Closed kovasap closed 1 month ago
@kovasap this is something which would be an excellent addition to the library. There are a handful of significance tests already in the kixi.stats.test
namespace, but not correlation yet.
I've sketched a solution (using kixi.stats.digest/sum-squares
rather than kixi.stats.core/correlation
because the latter doesn't return the count of rows we need for significance testing). Hopefully it illustrates some of the support you get from the kixi.stats.distribution
and kixi.stats.test
namespaces for this sort of use case.
(def data [{:x 1 :y 2} {:x 2 :y 2} {:x 3 :y 4} {:x 4 :y 4}])
(require '[kixi.stats.core :as kixi]
'[kixi.stats.math :refer [sq sqrt]]
'[kixi.stats.digest :as digest]
'[kixi.stats.distribution :as dist]
'[kixi.stats.test :as t])
(defn correlation-test
[fx fy]
(kixi/post-complete
(digest/sum-squares fx fy)
(fn [{:keys [n ss-x ss-y ss-xy]}]
(let [denominator (sqrt (* ss-x ss-y))]
(when-not (zero? denominator)
(let [r (/ ss-xy denominator)
degrees-of-freedom (- n 2)
t-stat (/ (* r (sqrt degrees-of-freedom))
(sqrt (- 1 (sq r))))]
{:correlation r
:test (t/test-result t-stat (dist/t {:v degrees-of-freedom}))}))))))
(def result
(transduce identity (correlation-test :x :y) data))
;; Return the calculated correlation
(-> result :correlation)
;; Return the p-value from the test result
(-> result :test t/p-value)
;; Perform a two-tailed test of significance given 5% alpha
(-> result :test (t/significant? 0.05 :<>))
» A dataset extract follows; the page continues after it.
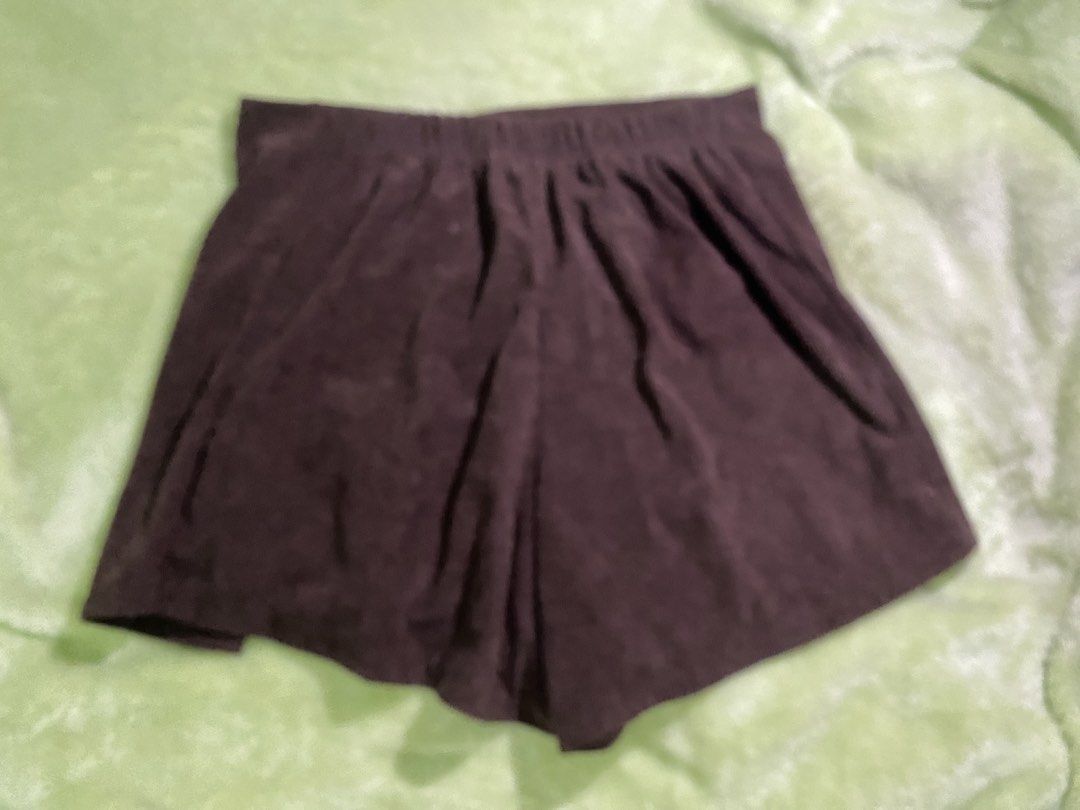 Brown Corduroy Skort (Category: Skirts) located in Bacoor. Submitted by deaclutter.ph (Listing ID 1444593380, Image 2). Description: > Large to XL > Never worn > Inaccurate color due to lighting (refer to 3rd pic for actual color) > No when worn picture > No COD > GCash, GoTYME, Maya > MOD: lalamove or jnt > SF paid by buyer.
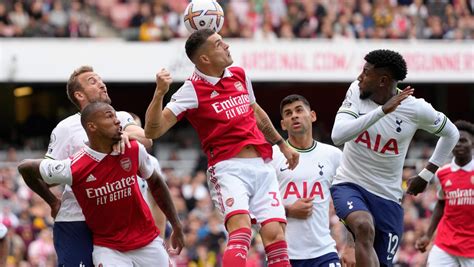 Premier League Arsenal Gewinnt Derby Und Behauptet Platz Eins Krone At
Thanks for the detailed response! By count of rows do you mean the number of data points used to compute the correlation ((count data)
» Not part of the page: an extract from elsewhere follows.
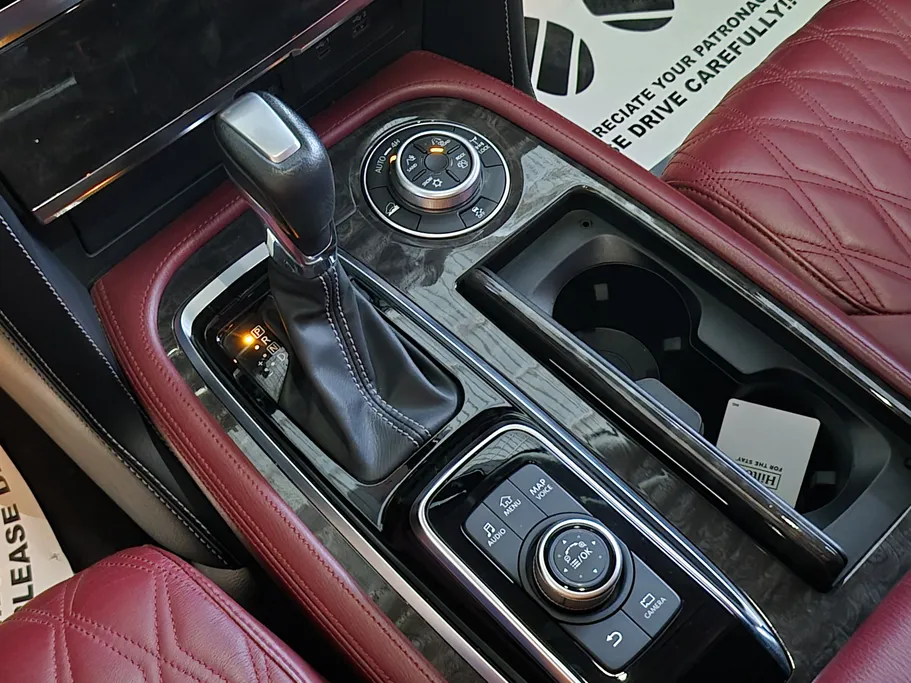 2023 Nissan Patrol Platinum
in your example above), which we need to feed into dist/t
via the degrees-of-freedom
var? Or is there additional logic required to do this kind of test for a kixi.stats.core/correlation
?
If/when I end up writing a test for kixi.stats.core/correlation
, would you be interested in a pull request?
do you mean the number of data points used to compute the correlation ((count data) in your example above
That's right. The number of observations is required for calculating significance and this manifests as the t distribution degrees of freedom. For this reason I haven't used kixi.stats.core/correlation
above.
It would be good to consider a consistent strategy for optionally returning significance tests alongside statistics.
PRs welcome!
Ok got it. I'm in the process of getting this working in my hands for kixi.stats.core/correlation
and am having some trouble understanding the code you are calling at https://github.com/MastodonC/kixi.stats/blob/7dbc5fd7873e9a4dc9ddb7a8b8da1d04935a8701/src/kixi/stats/test.cljc#L10-L28
Specifically, I'm wondering what the difference is between the p-value
calculation and the significant?
calculation. Based on my (mediocre) understanding of statistics, I would expect the significant?
calculation to just check if the p-value is below the given value (0.05
in your case). Instead it seems to be using a different distribution to calculate it than the one used for p-value
?
That's a fair question: it would be possible to leverage the p-value calculation in order to determine significance at a given alpha. Given a test statistic, a test distribution, and a desired alpha, we can determine significance in either of at least two ways:
It happens that the latter approach seems a little more straightforward to me, and I think this is borne out by the complexity of the implementations of p-value
and significant?
respectively.
Got it that makes sense. I'm asking because I want to display p-values in a table I'm making and I want to make sure that it's accurate to say that p-values less than my desired alpha are significant (so I can color/sort them appropriately). I wanted to make sure that would give the same results as using significant?
so I wouldn't have strange dependencies like a p-value greater than my alpha being classed as significant.
I'm interested in calculating a p-value for a correlation that I'm calculating using
kixi.stats.core/correlation
. I'm curious if a function to do this already exists in this library, or if functions that would help do this exist. For example, based on the description at https://support.minitab.com/en-us/minitab-express/1/help-and-how-to/modeling-statistics/regression/how-to/correlation/methods-and-formulas/, I need to be able to generate a t distribution (I think?) in order to calculate this p-value.Or maybe it's possible to calculate this p-value from the error functions that already exist in kixi.stats?
If this is not possible and/or if there is a better way to do this, I'm happy to hear about it!